A class I recall of the HeartMate II LVAS pocket system controller due to risk of patient injury and/or death during backup controller exchange. The manufacturer has received 70 reports of incidents, including 19 injuries and 26 deaths, in which the controller malfunctioned after an exchange. All deaths occurred when patients tried to exchange controllers while away from the hospital. The recall includes 28,882 devices manufactured between July 2012 and December 2016 and distributed between July 2012 and March 2017.
A previous voluntary field action on HVAD system controllers and DC adapters reclassified as a class I recall. The previous field safety notices occurred in April 2015 and April 2016 and described potential safety issues due to worn alignment guides, battery failure, and loose power and data connecters. In April 2017, the FDA approved an updated controller, which was introduced to address these issues, so Medtronic, the manufacturer, has begun to remove current HVAD controllers from hospitals.

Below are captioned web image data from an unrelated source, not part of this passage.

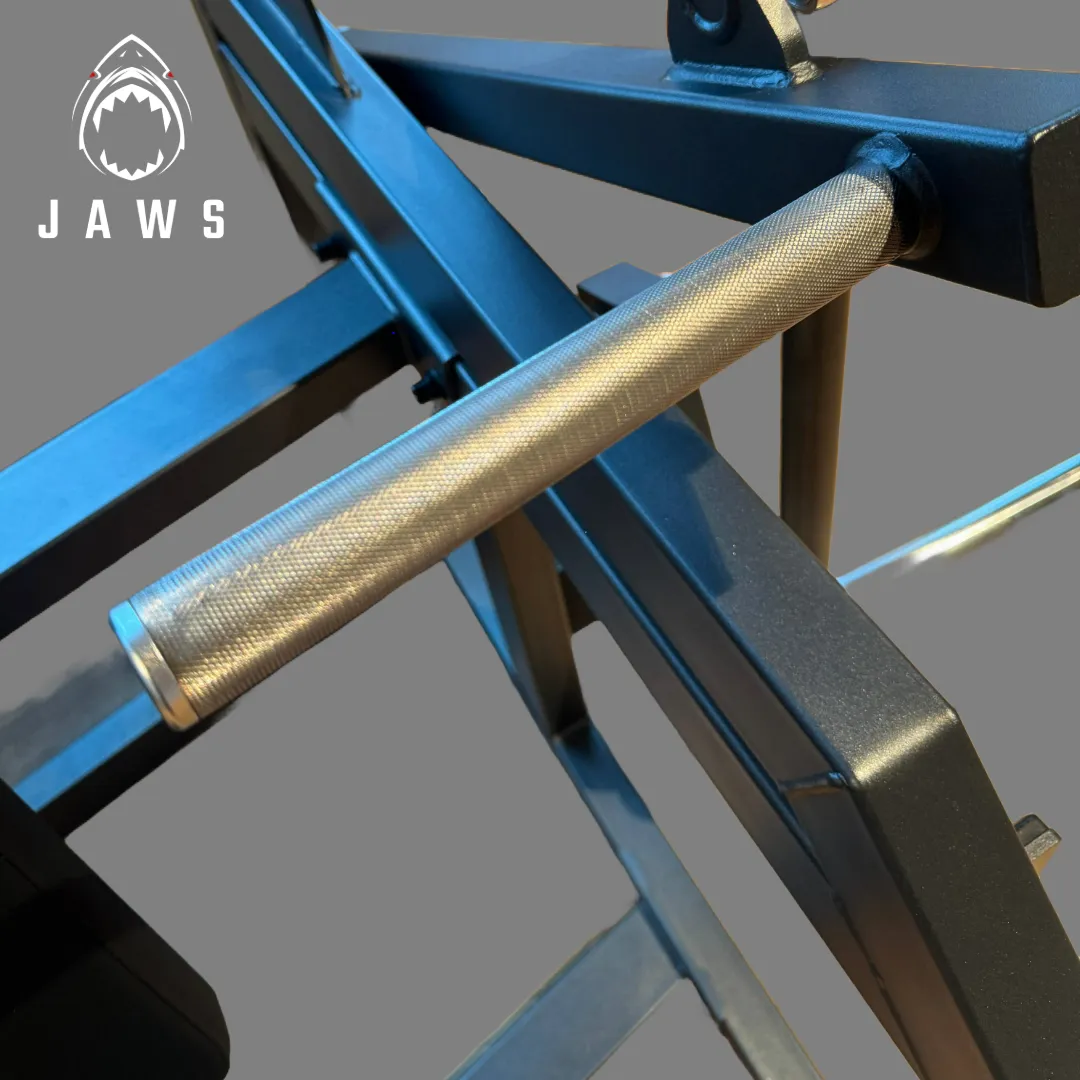 JAWS Strength Vertical Smith Chest Press 4 JAWS Strength Vertical Smith Chest Press - Image 2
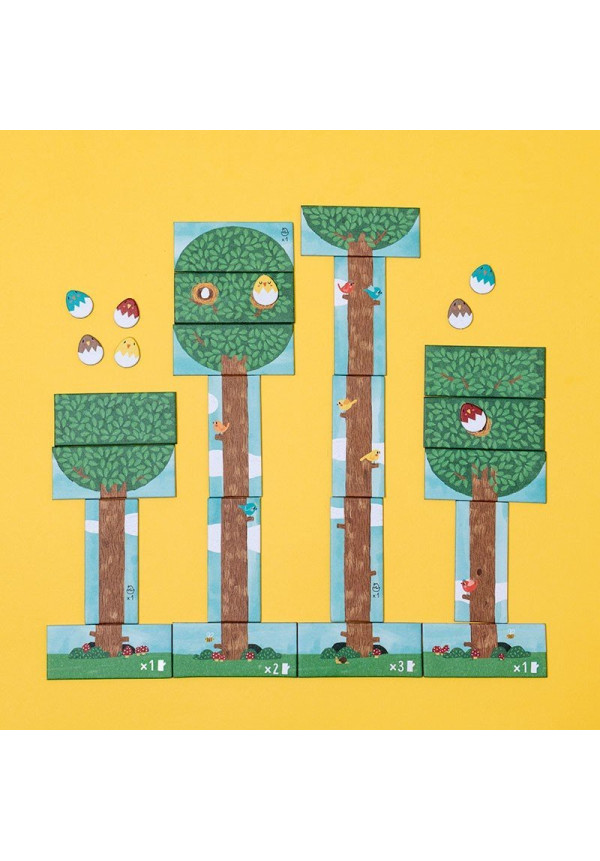 Tiny Game - PIU PIU LONDJI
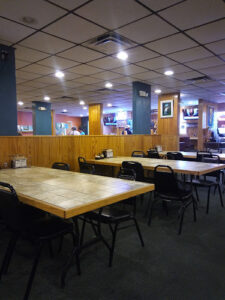 Manny's Pizza Beachside - New Smyrna Beach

A class I recall of certain lots of three coronary catheters: the NC Trek RX coronary dilatation catheter, NC Traveler coronary dilatation catheter, and NC Tenku RX PTCA balloon catheter. The 132,040 recalled devices were manufactured between 2015 and 2017 and distributed between Jan. 1, 2015, and March 14, 2017. Affected catheters may have a difficult-to-remove protective balloon sheath, which could cause issues with inflation or deflation that may lead to air embolism, additional intervention, thrombosis, and myocardial infarction. In one case, failure to deflate the balloon required surgery, which resulted in multiple postoperative complications that led to the patient's death.

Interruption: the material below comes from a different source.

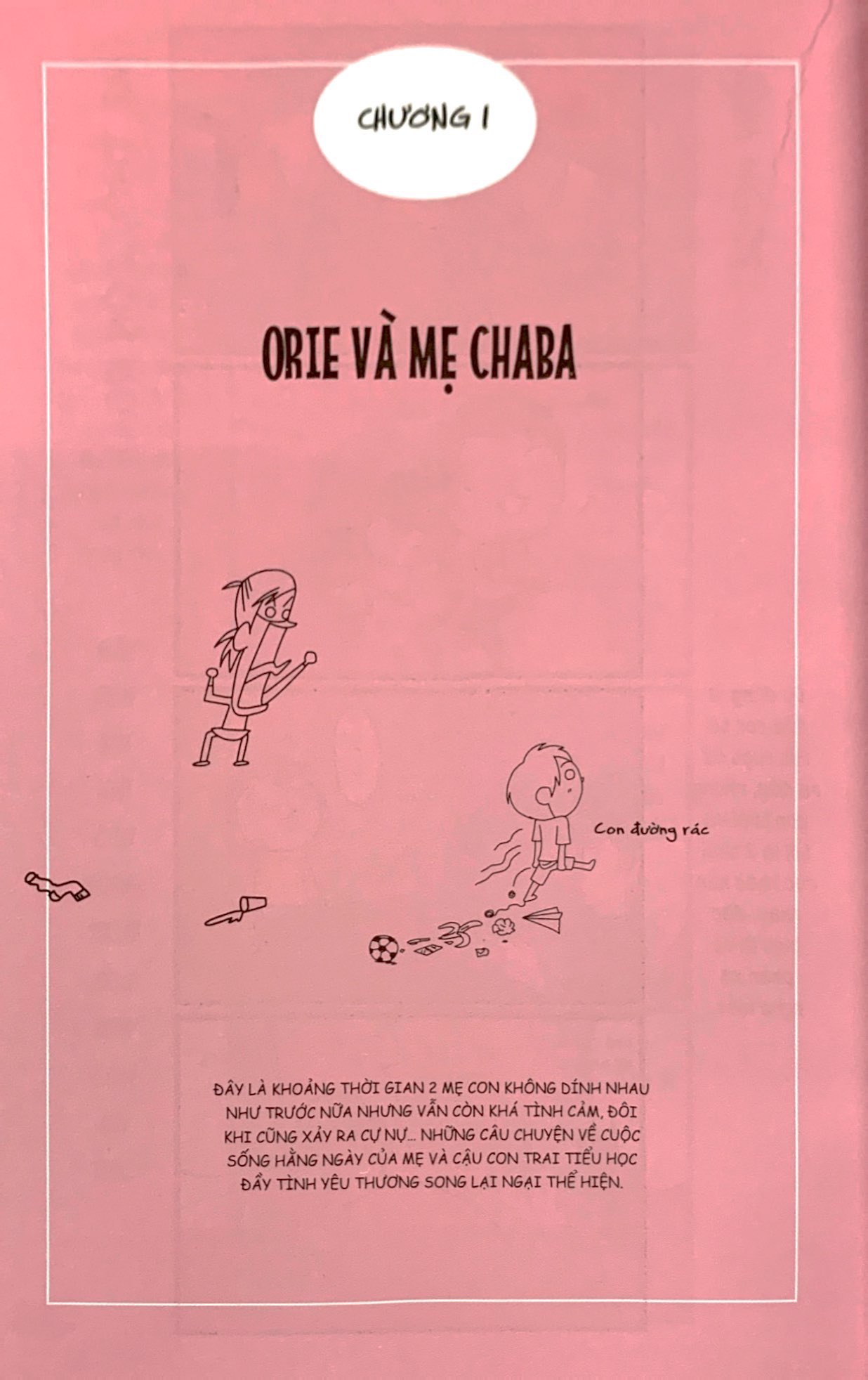 chuyện thường ngày của ông tướng tiểu học - Ảnh 8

A class I recall of the V60 noninvasive ventilator due to faulty cable pins that may cause the device to shut down unexpectedly. A total of 20,690 recalled devices were manufactured between April 2, 2009, and Sept. 15, 2015, and distributed between April 4, 2009, and Sept. 14, 2015.

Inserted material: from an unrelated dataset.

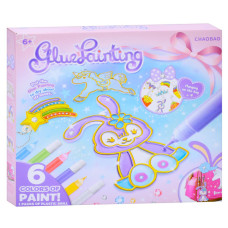 Детский набор для творчества Детский набор для творчества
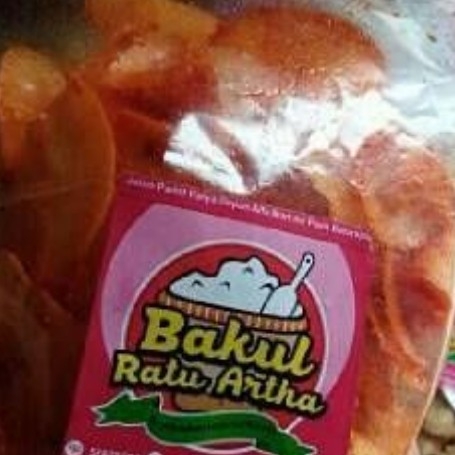 Kripik Pedes Manis Per Kg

A warning about the risk of inaccurate results from certain lead tests that process venous blood samples. The LeadCare, LeadCare II, LeadCare Plus, and LeadCare Ultra testing systems are affected by this warning. The tests may provide inaccurate results for some children and adults, potentially leading to improper management and treatment of patients for lead exposure or poisoning. Discontinue use of these testing systems with venous blood samples, although they may still be used with capillary blood samples. The FDA and CDC are working with the manufacturer to investigate the root cause of the issue.
Pembrolizumab (Keytruda) to treat patients whose cancers have a specific biomarker. This is the first approval of a cancer treatment based on a common biomarker rather than where the tumor originated in the body. The drug targets the PD-1/PD-L1 pathway and is approved for patients with unresectable or metastatic solid tumors with a biomarker referred to as microsatellite instability-high or mismatch repair-deficient. The indication includes patients with solid tumors that have progressed despite prior treatment and patients with colorectal cancer that has progressed following treatment with certain chemotherapy drugs. The drug was studied in five uncontrolled, single-arm clinical trials including 149 patients who received the drug. In the trials, the most common cancers were colorectal, endometrial, and other gastrointestinal cancers. A total of 39.6% of the participants had a complete or partial response to the drug, and 78% of them had a response that lasted six months or more. Common side effects include fatigue, pruritus, diarrhea, decreased appetite, rash, pyrexia, cough, dyspnea, musculoskeletal pain, constipation, and nausea. Serious risks include immune-mediated side effects, such as pneumonitis, colitis, hepatitis, endocrinopathies, and nephritis.